[Start of section]

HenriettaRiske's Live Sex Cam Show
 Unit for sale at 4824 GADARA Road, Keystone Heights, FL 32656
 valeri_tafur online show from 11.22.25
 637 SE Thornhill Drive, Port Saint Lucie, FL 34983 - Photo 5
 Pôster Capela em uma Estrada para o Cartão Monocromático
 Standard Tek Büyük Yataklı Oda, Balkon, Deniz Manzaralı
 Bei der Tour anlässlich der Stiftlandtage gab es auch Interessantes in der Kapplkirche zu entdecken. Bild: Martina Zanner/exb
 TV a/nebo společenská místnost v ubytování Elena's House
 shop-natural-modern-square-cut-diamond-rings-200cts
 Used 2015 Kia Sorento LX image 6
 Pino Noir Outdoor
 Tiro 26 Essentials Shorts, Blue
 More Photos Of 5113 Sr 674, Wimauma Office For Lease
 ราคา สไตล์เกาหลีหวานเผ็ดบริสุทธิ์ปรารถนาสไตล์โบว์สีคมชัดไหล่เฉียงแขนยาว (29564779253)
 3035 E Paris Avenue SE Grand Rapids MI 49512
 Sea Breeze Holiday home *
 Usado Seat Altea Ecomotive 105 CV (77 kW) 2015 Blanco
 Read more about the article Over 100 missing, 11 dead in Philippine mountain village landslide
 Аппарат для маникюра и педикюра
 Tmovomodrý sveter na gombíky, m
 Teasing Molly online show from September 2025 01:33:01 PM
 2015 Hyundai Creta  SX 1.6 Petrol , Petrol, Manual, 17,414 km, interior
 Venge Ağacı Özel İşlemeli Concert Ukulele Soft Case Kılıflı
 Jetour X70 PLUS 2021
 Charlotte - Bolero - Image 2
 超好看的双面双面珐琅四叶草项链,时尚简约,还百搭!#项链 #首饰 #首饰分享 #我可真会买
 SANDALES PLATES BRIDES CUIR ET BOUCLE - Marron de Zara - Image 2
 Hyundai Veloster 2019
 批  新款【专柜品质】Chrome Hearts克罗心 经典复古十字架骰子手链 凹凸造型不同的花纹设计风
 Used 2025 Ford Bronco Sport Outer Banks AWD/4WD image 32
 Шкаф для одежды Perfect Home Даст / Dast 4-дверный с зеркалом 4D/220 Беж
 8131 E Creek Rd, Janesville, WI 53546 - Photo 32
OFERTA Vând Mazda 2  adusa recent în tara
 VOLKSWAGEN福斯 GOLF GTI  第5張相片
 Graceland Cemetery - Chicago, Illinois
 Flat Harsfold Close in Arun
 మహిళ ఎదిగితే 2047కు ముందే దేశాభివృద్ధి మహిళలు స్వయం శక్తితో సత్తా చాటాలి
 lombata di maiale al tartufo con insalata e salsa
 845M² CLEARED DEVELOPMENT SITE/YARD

[End of section]

Task statement:
From the first line of the listing above to the line that contains "Standard Tek Büyük", inclusive, restate every line word for word. Nothing else belongs in the answer.

Finished task:
HenriettaRiske's Live Sex Cam Show
 Unit for sale at 4824 GADARA Road, Keystone Heights, FL 32656
 valeri_tafur online show from 11.22.25
 637 SE Thornhill Drive, Port Saint Lucie, FL 34983 - Photo 5
 Pôster Capela em uma Estrada para o Cartão Monocromático
 Standard Tek Büyük Yataklı Oda, Balkon, Deniz Manzaralı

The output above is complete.